I begin this first blog with a general announcement:

If you are looking for Alfred Döblin you are in the wrong place.

By Alfred P. Doblin

I begin this first blog with a general announcement: If you are looking for Alfred Döblin you are in the wrong place. Döblin was my grandfather, and despite all the sophistication of AI, it often conflates my grandfather, who died in June 1957, with me, who was born in November 1957.

And for the record, while I am an out gay writer, my grandfather was decidedly not gay, queer, or in the least bit attracted to men. AI needs to expand its understanding of the alphabet to include LGBTQ. Döblin and Doblin are not the same men.

My grandfather was an acclaimed German writer – see Berlin Alexanderplatz – as well as a physician. Many scholars rate him as one of the most important writers of the twentieth century. On the other hand, my achievements are more modest. But, during the many years I worked as a journalist, I was careful to differentiate myself from my grandfather by always using my middle initial, P.

I never knew my grandfather or broached this subject with my father when he was living, yet I feel comfortable writing that I am much more about showtunes than was Alfred Döblin. So allow me the liberty of stating it’s Alfred with a P, not Liza with a Z, S, or an umlaut.

I am proud of my literary heritage and would have welcomed the opportunity to have engaged with my more famous and talented grandfather, but I have been determined to forge my own path – a winding one that is unique to me.

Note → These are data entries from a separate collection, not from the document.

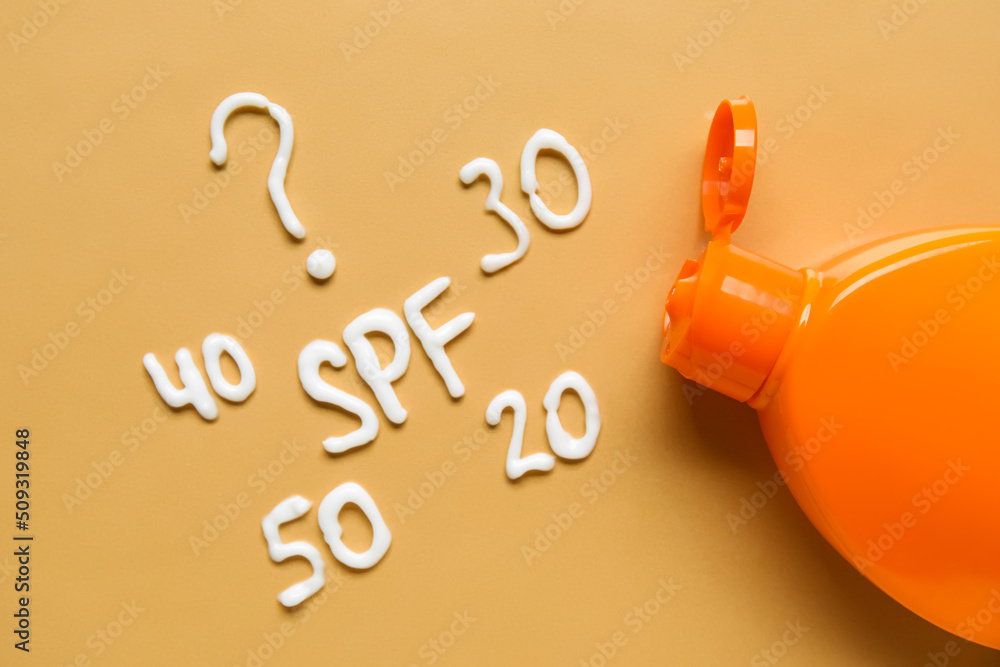 Question SPF? and numbers made with sunscreen cream on orange background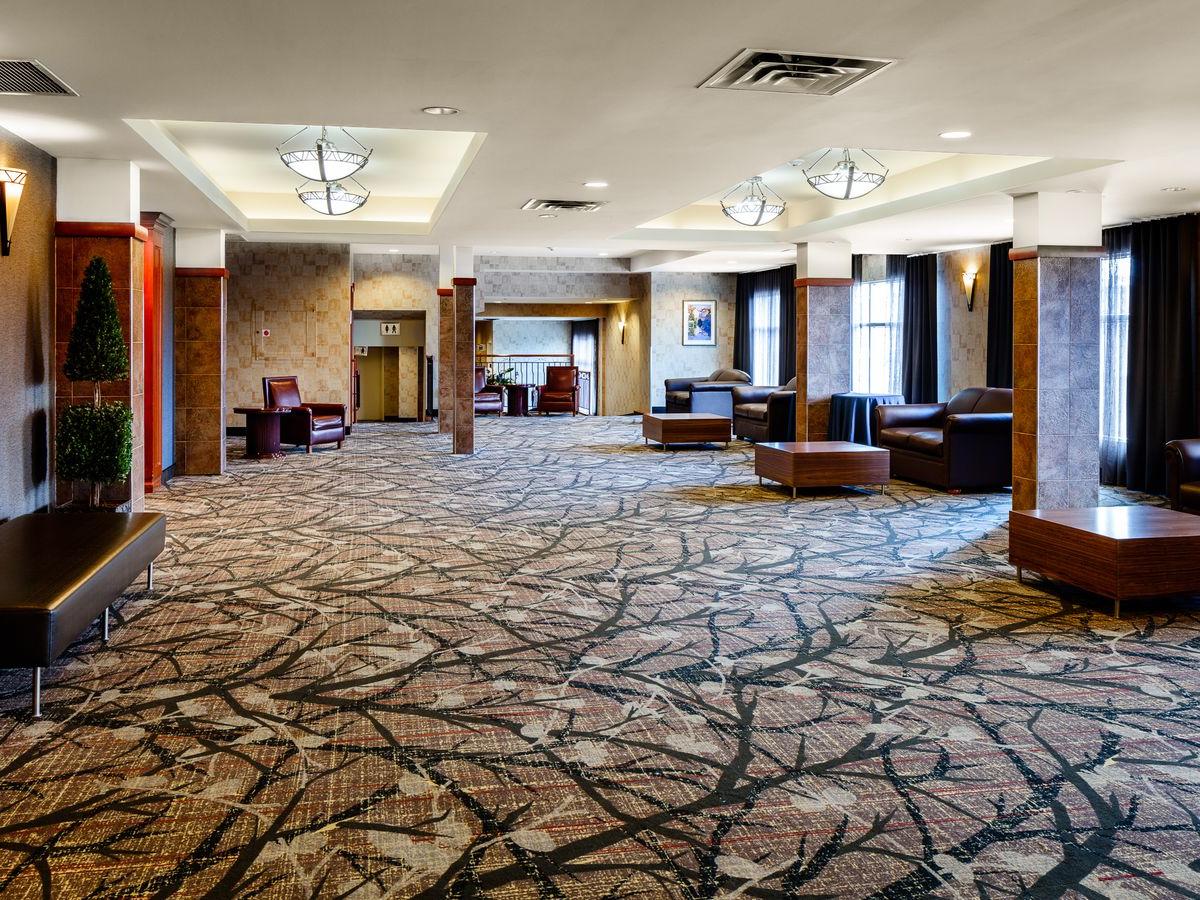 spacious, carpeted lobby area with tables and couches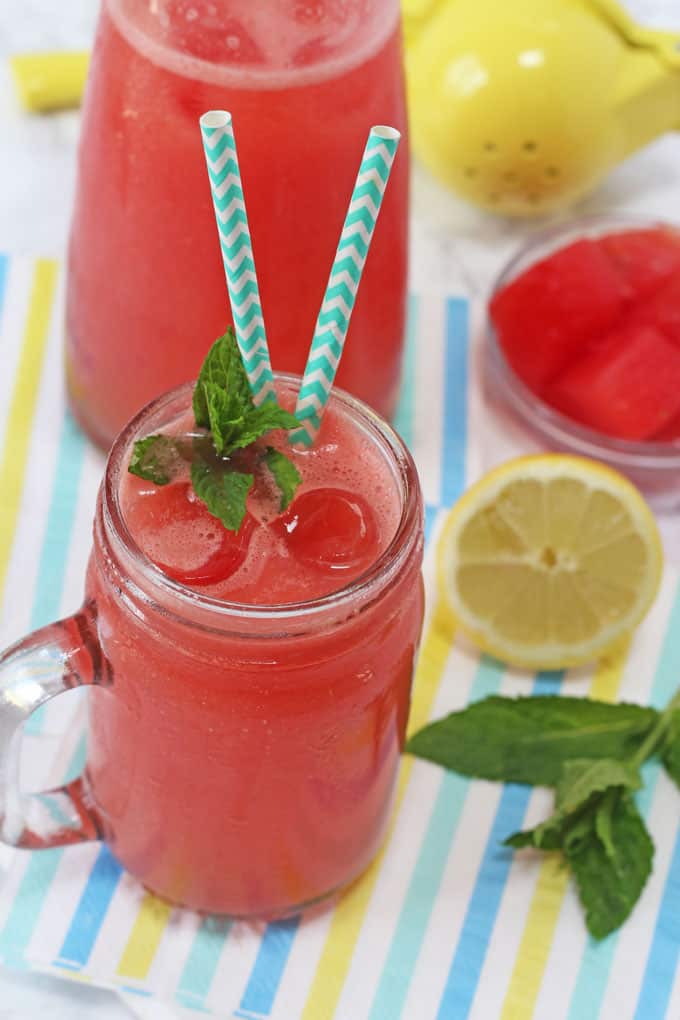 Watermelon Lemonade in the glass jar with ice cubes shown from above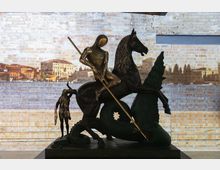 Scultura in bronzo di un cavaliere a cavallo con lancia che combatte un drago, esposta su una base in una sala interna. Sullo sfondo si vede una parete di mattoni chiari con una proiezione panoramica di un paesaggio urbano.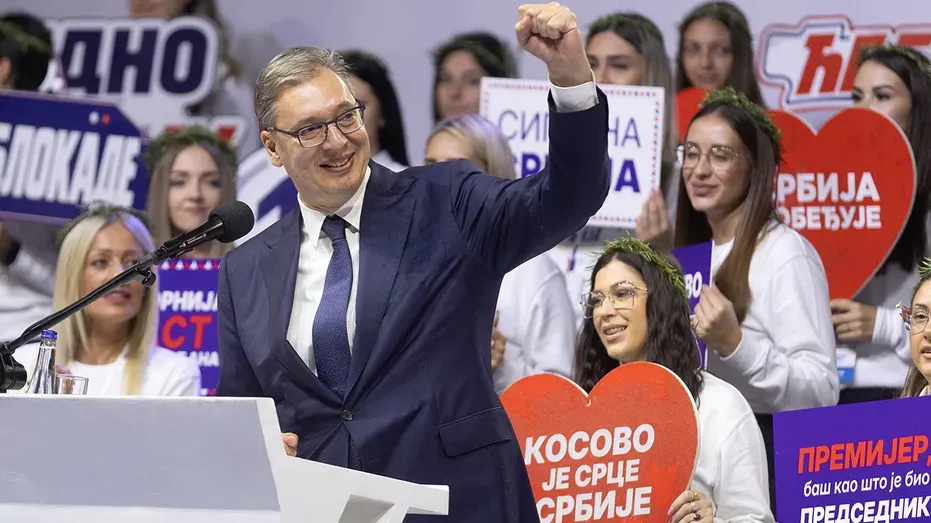 Smiling man in suit raising fist at podium before rally crowd with campaign signs and heart-shaped placards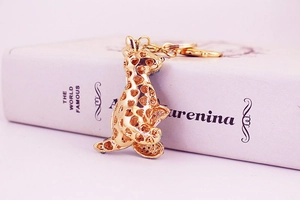 Detail of golden leopard keychain with heart cutouts and blue crystals on book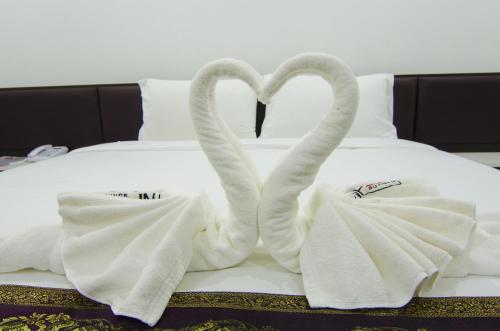 two swansuitsrendered to look like swan towels on a bed at NP Hotel in Buriram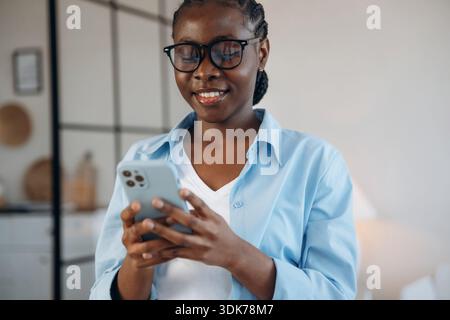 Médias sociaux, debout et tenant smartphone. La femme est à la maison dans la chambre domestique. Banque D'Images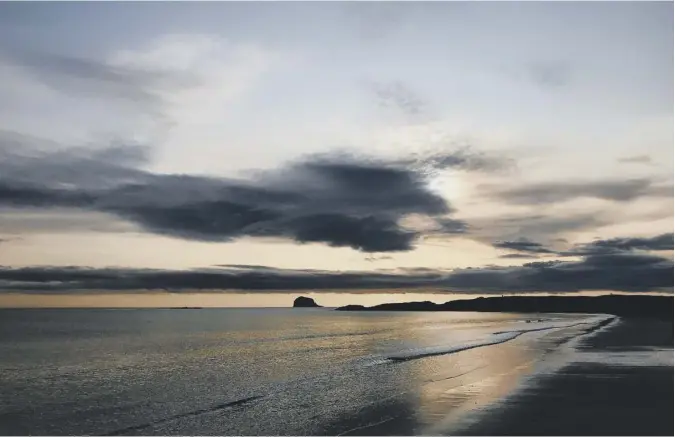  ??  ?? 0 Hamish Stewart of North Berwick contribute­s this picture of the beach there with the Bass Rock silhouette­d on the horizon by the early morning light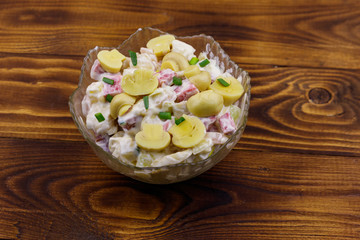 Potato salad with marinated mushrooms, sausage, onion and mayonnaise on wooden table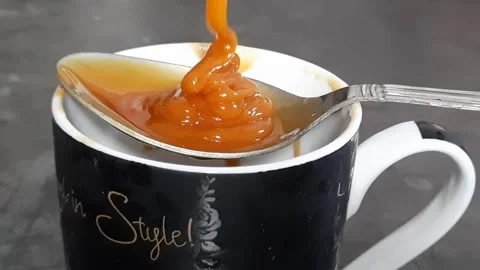 Pouring  gaggery(sweet) Stock Footage 140497133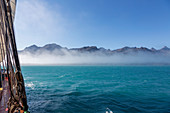 Scenic view fog clearing over mountain range Greenland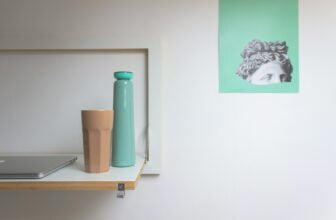 teal plastic pitcher on white wooden table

My debut book, Tales of the Lavender Twilight, came out this spring. I am 67 – not exactly a boy wonder. I wrote several novels when I was in my twenties and early thirties. None found a publishing house. All three found my basement, where they reside in boxes covered in the dust of youthful exuberance gone astray. The use of phrases like that no doubt limited my publishing opportunities 40 years ago.

If you have not yet jumped off the page, my intentions with this blog are honorable. For decades, I wrote a twice-weekly newspaper column about many things, but much of it was about politics. This blog will not be about politics – at all. It is not that politics doesn’t interest me, but politics in the 21st century is about division, and I am now more interested in multiplication.

Anyway, there is much to talk about besides politics. Did I mention my love of showtunes?

The cardinal rule in a gay bar is never talk about politics, religion, and if you are over 40, your real age. I’ve already broken the first and last admonitions and I am barely 500 words in. I will go for the trifecta: Religion will pop up in my conversations.

The older I become, the more I believe in the need for forming communities, and often those are communities bound by shared beliefs and values, and that may include religion. Many of the stories in Tales of the Lavender Twilight are about just that.

No, it is not the division of politics that is worthy of exploration, but rather the multiplication of living that is. And there is nothing more wondrous than the multiplication of words – whether in a lyric or a piece of fiction or a poem.

Stephen Sondheim, Sunday in the Park with George: “The choice may have been mistaken, the choosing was not, you have to move on.”

James Joyce, The Dead: ”His soul swooned slowly as he heard the snow falling faintly through the universe and faintly falling, like the descent of their last end, upon all the living and the dead.”

Lord Alfred Tennyson, Ulysses: “Death closes all: but something ere the end, some work of noble note, may yet be done, not unbecoming men that strove with Gods.”

Then of course, there is Chuckles the Clown: “A little song, a little dance, a little seltzer down your pants.”

Yes, there is much for us to discuss and if I have one ambition in this endeavor, it is to foster dialogue and discourse about the lofty and the ridiculous.

This initial blog is but an introduction. I am not Alfred Döblin. I am Alfred P. Doblin.